*Requirement:*
Set the entries down again exactly; none may be skipped.

*Data in this exercise:*

══════

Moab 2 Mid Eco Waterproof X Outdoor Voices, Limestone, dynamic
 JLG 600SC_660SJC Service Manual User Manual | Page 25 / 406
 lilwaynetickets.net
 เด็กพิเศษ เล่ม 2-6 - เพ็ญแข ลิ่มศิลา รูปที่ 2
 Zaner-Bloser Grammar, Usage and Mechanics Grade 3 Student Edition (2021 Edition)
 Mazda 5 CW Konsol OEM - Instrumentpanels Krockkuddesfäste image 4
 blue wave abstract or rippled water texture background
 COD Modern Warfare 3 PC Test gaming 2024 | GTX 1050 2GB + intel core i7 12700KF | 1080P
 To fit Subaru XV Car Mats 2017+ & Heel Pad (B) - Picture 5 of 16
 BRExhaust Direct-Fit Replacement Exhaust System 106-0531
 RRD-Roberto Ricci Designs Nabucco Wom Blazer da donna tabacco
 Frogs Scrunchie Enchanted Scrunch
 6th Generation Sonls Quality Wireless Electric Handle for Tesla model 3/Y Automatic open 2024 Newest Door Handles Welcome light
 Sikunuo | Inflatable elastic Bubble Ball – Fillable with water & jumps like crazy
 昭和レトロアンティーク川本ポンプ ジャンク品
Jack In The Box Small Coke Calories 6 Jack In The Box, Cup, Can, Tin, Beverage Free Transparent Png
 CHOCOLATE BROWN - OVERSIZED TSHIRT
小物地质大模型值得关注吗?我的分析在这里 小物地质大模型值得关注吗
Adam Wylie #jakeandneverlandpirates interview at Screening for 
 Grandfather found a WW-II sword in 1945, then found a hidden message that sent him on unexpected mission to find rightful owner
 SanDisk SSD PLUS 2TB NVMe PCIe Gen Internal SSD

══════

*Solution for this problem:*
Moab 2 Mid Eco Waterproof X Outdoor Voices, Limestone, dynamic
 JLG 600SC_660SJC Service Manual User Manual | Page 25 / 406
 lilwaynetickets.net
 เด็กพิเศษ เล่ม 2-6 - เพ็ญแข ลิ่มศิลา รูปที่ 2
 Zaner-Bloser Grammar, Usage and Mechanics Grade 3 Student Edition (2021 Edition)
 Mazda 5 CW Konsol OEM - Instrumentpanels Krockkuddesfäste image 4
 blue wave abstract or rippled water texture background
 COD Modern Warfare 3 PC Test gaming 2024 | GTX 1050 2GB + intel core i7 12700KF | 1080P
 To fit Subaru XV Car Mats 2017+ & Heel Pad (B) - Picture 5 of 16
 BRExhaust Direct-Fit Replacement Exhaust System 106-0531
 RRD-Roberto Ricci Designs Nabucco Wom Blazer da donna tabacco
 Frogs Scrunchie Enchanted Scrunch
 6th Generation Sonls Quality Wireless Electric Handle for Tesla model 3/Y Automatic open 2024 Newest Door Handles Welcome light
 Sikunuo | Inflatable elastic Bubble Ball – Fillable with water & jumps like crazy
 昭和レトロアンティーク川本ポンプ ジャンク品
Jack In The Box Small Coke Calories 6 Jack In The Box, Cup, Can, Tin, Beverage Free Transparent Png
 CHOCOLATE BROWN - OVERSIZED TSHIRT
小物地质大模型值得关注吗?我的分析在这里 小物地质大模型值得关注吗
Adam Wylie #jakeandneverlandpirates interview at Screening for 
 Grandfather found a WW-II sword in 1945, then found a hidden message that sent him on unexpected mission to find rightful owner
 SanDisk SSD PLUS 2TB NVMe PCIe Gen Internal SSD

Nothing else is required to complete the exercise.